Goal of the exercise: Would you retype the listing word for word, skipping its pictures?

[Record extracts]

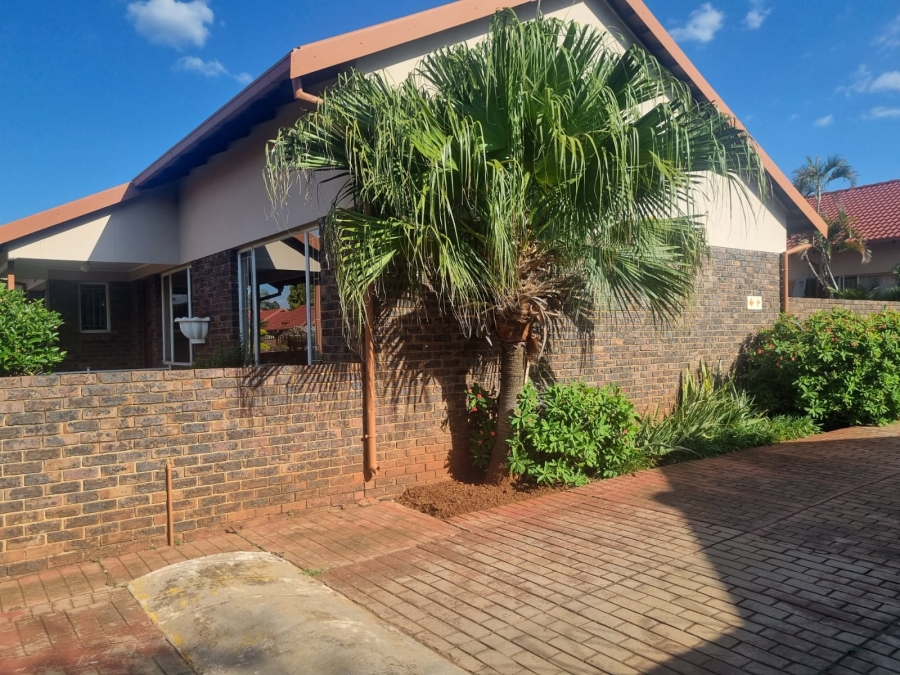 2 Bedroom Property for Sale in The Orchards Gauteng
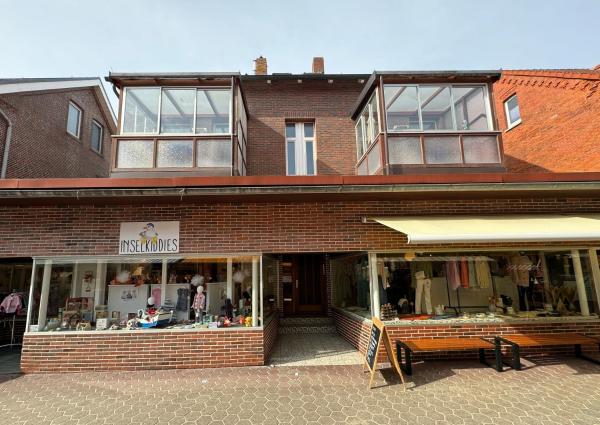 Na zdjęciu widoczny jest obiekt Haus Eldert Teerling położony w mieście Borkum.
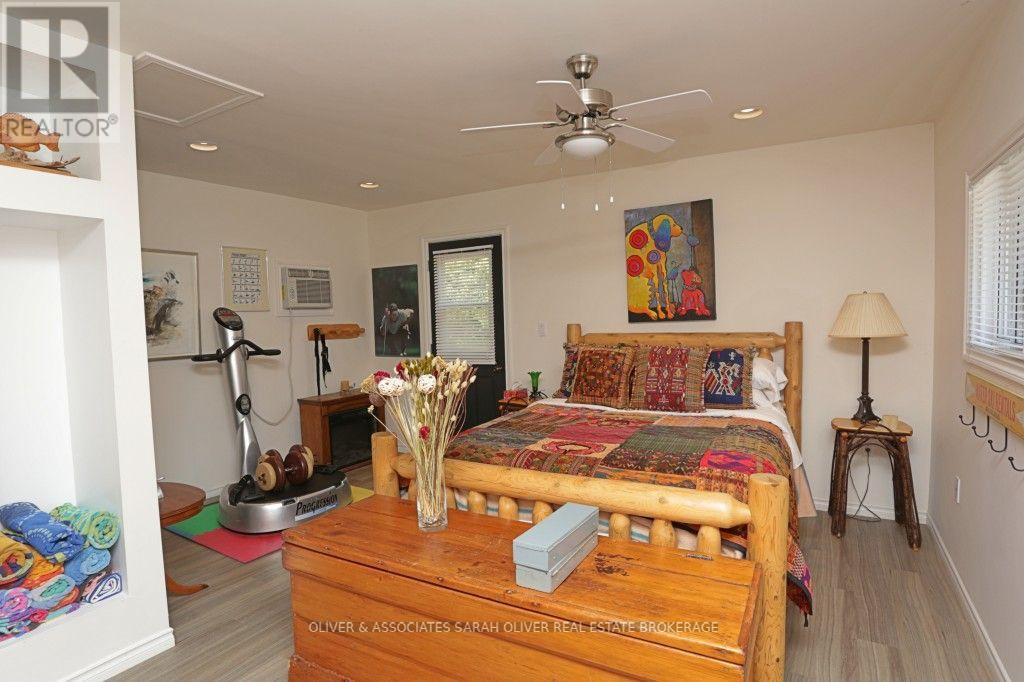 10156 PORT FRANKS ESTATE DRIVE - 28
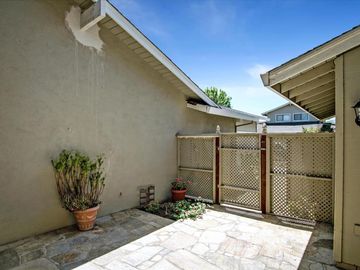 330 Donnas Ln, Hollister, CA, 95023 Townhouse. Photo 4 of 40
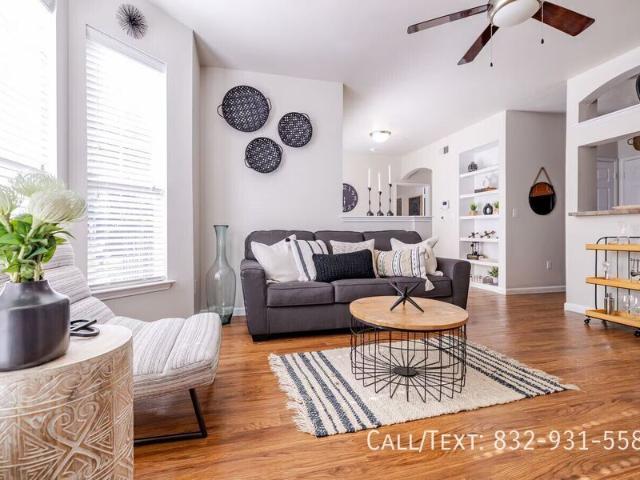 2 BR, 2 BA Apartment 1633 Wilson Rd, Conroe, TX 77304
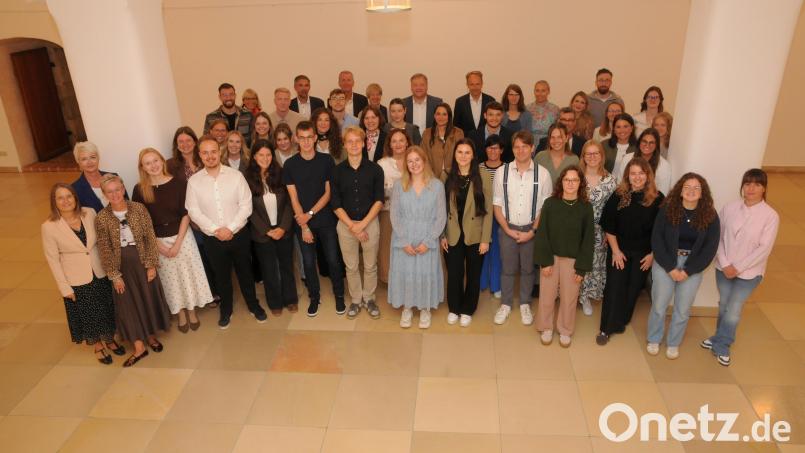 Die 34 neuen Lehramtsanwärterinnen und - anwärter der Stadt Amberg und des Landkreises Amberg-Sulzbach mit den Schulamtsvertretern und den Gästen. Bild: Joachim Gebhardt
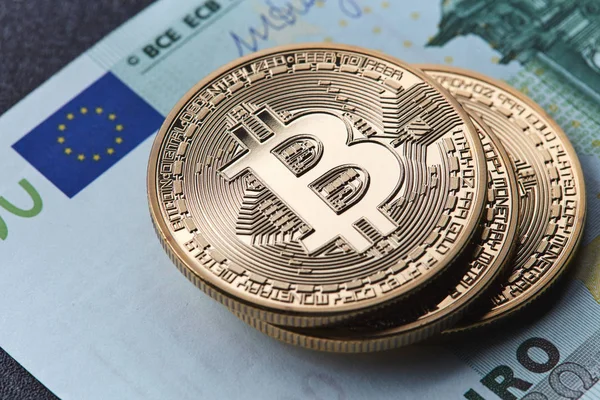 Стек Золотых Монет Биткойн Вексель Евро Цифровая Платежная Система Инвестирование — стоковое фото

[/Record extracts]

Task output:
 2 Bedroom Property for Sale in The Orchards Gauteng
 Na zdjęciu widoczny jest obiekt Haus Eldert Teerling położony w mieście Borkum.
 10156 PORT FRANKS ESTATE DRIVE - 28
 330 Donnas Ln, Hollister, CA, 95023 Townhouse. Photo 4 of 40
 2 BR, 2 BA Apartment 1633 Wilson Rd, Conroe, TX 77304
 Die 34 neuen Lehramtsanwärterinnen und - anwärter der Stadt Amberg und des Landkreises Amberg-Sulzbach mit den Schulamtsvertretern und den Gästen. Bild: Joachim Gebhardt
 Стек Золотых Монет Биткойн Вексель Евро Цифровая Платежная Система Инвестирование — стоковое фото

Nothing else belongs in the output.